I wish I could portray myself as unbearably smug and claim that even back in 1984 I knew Bjork was in for a stellar career, but in truth I hardly played the record. It was too scratchy, scrapey and skronky and featured some ranting mad bloke (Einar Orn Benediktsson) and a girl who sounded like a sexually frustrated whale (our heroine of the piece).
A year or so later there followed an album 'Holidays In Europe' which I bought, purely out of curiosity, played once and filed away in the 'won't be playing that mad bollocks again' box. The album was set out like a trip round Europe, each song had a two-part title; one which gave the name of a place, the other which I expect was supposed to describe what happened in the said destination.

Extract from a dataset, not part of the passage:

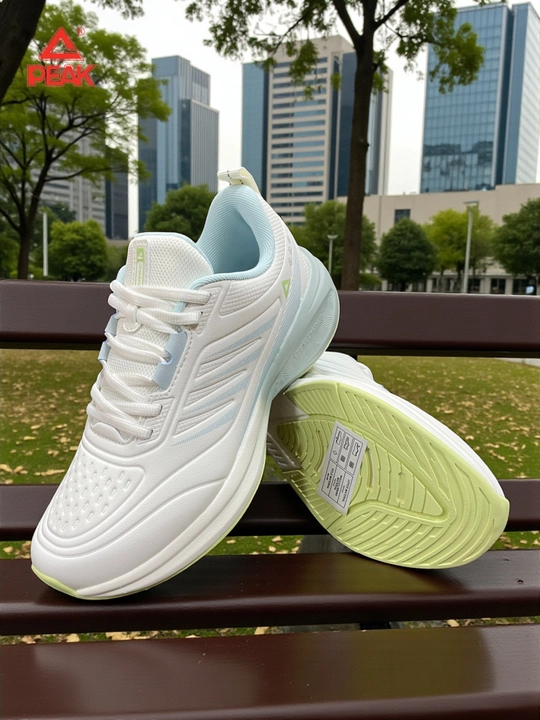 Ayollar uchun krossovkalar PEAK SPORT, yomg'irga qarshi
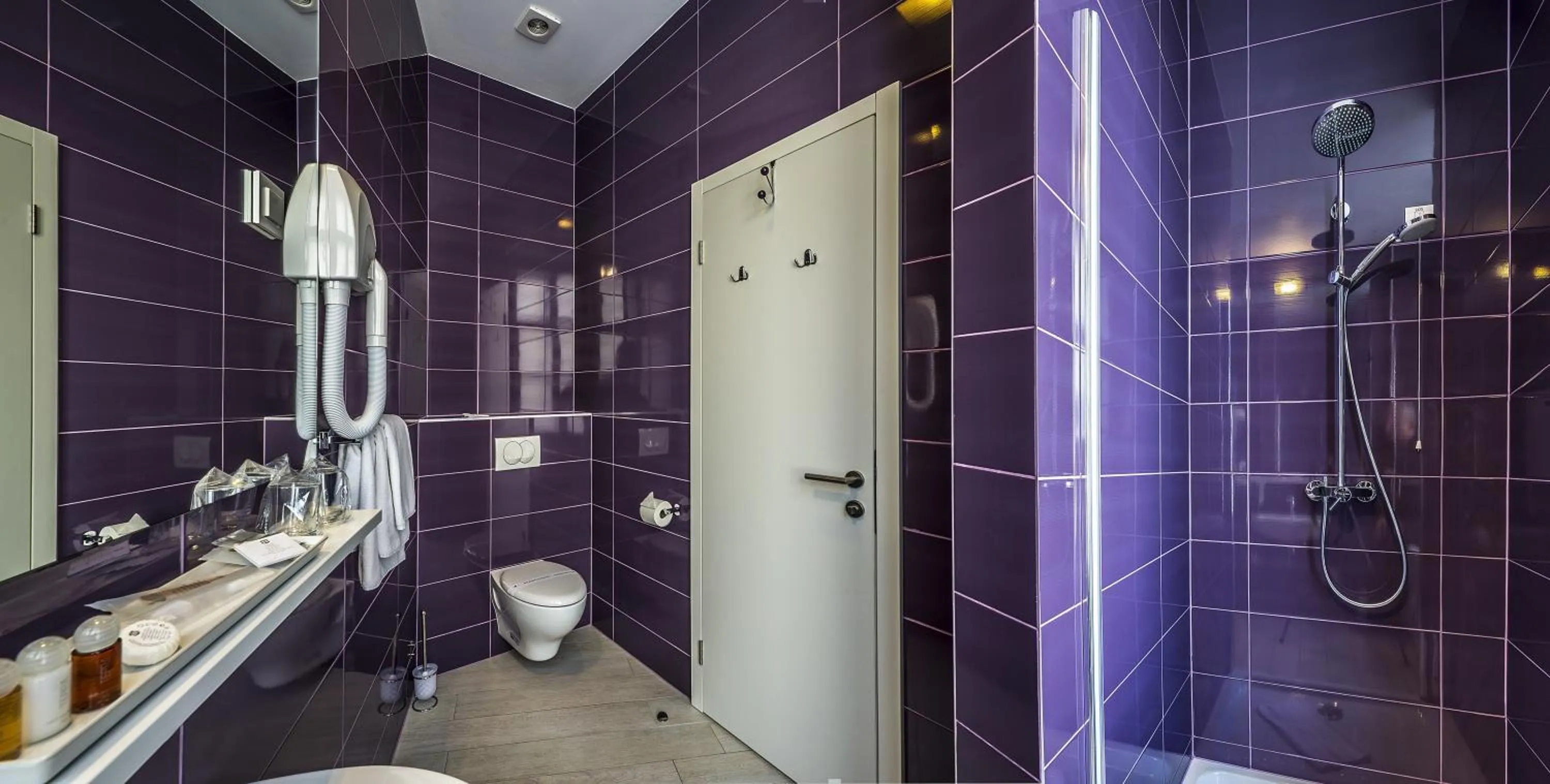 Bathroom in Art Hotel Like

Years later I can now listen to the album and it doesn't sound too extreme, but back in the day it was like being assaulted by, not so much the loony on the bus, but a whole busload of loonies.
Then, one day in 1987, John Peel played 'Birthday' by a band called The Sugarcubes.....
It was incredible!
Everyone I know went mad for this amazing sounding record. We gathered en masse to celebrate this extraordinary beast and all proclaimed in unison, "That girl's voice is AMAZING!!!". I wish I could have been way ahead of the pack an immediately claimed that, of course, I'd been following her career for years, but it still didn't click that this was the same singer from KUKL. In fact it WAS KUKL, just with a different name, a different label, and a more commercial sound. Well....'slightly' more commercial; it was still weird, and still had that mad bloke ranting and parping his trumpet all over the tracks, but it WAS radio-friendly.
It was in an interview in the NME that it all fell into place. Singer Bjork had been a child star in Iceland, even releasing an album.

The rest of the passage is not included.